Preparation of PAM and measurement of its H2O2 content
PAM is prepared by treating RPMI medium with NTAPPJ. However, the RONS generated by plasma can be influenced by the humidity of the working gas, the constituents of the ambient air, and even turbulence in the plasma jet. To precisely control the RONS concentration of PAM applied to the cells, we controlled the temperature and humidity in the laboratory as well as the humidity of the working gas. In addition, before each experiment the concentration of the H2O2 generated by the NTAPPJ in PAM was measured to check for the concentration of reactive oxygen species (ROS), since H2O2 is an ROS that is easy to measure. The 100% PAM was prepared by treating 2 mL of RPMI medium without phenol red in a 24-well plate with NTAPPJ for 120 s to ensure that the increase in the H2O2 concentration entered a plateau. Afterwards, the following PAM-RPMI mixtures were produced by serially diluting the PAM using untreated RPMI medium: 0%, 10%, 20%, 30%, 40%, 50%, 60%, 70%, 80%, 90%, and 100%. Finally, the cells were treated with the PAM-RPMI mixtures but not the RPMI medium treated with the NTAPPJ for different times. These processing steps meant that the RONS concentration used to treat the cells could be precisely controlled.

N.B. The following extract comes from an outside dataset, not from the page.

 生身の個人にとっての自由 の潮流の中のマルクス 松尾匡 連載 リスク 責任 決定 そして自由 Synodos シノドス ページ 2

The H2O2 concentration in PAM was measured using an Amplex Red analysis kit (Thermo Fisher Scientific, Massachusetts, USA). Two milliliters of RPMI medium without phenol red was loaded into a 24-well plate and exposed to the NTAPPJ for 0, 10, 20, 30, 40, 50, 60, and 120 s to produce PAM. Aliquots (50 μL) of PAM were taken to react with Amplex Red in the dark for 30 min. The absorbance of the generated resorufin was measured at 570 nm using a microplate reader (Anthos 2020, Biochrom, Cambridge, UK), and the H2O2 concentration was calculated using a standard curve. The H2O2 concentration of the PAM-RPMI mixtures was measured using the same method.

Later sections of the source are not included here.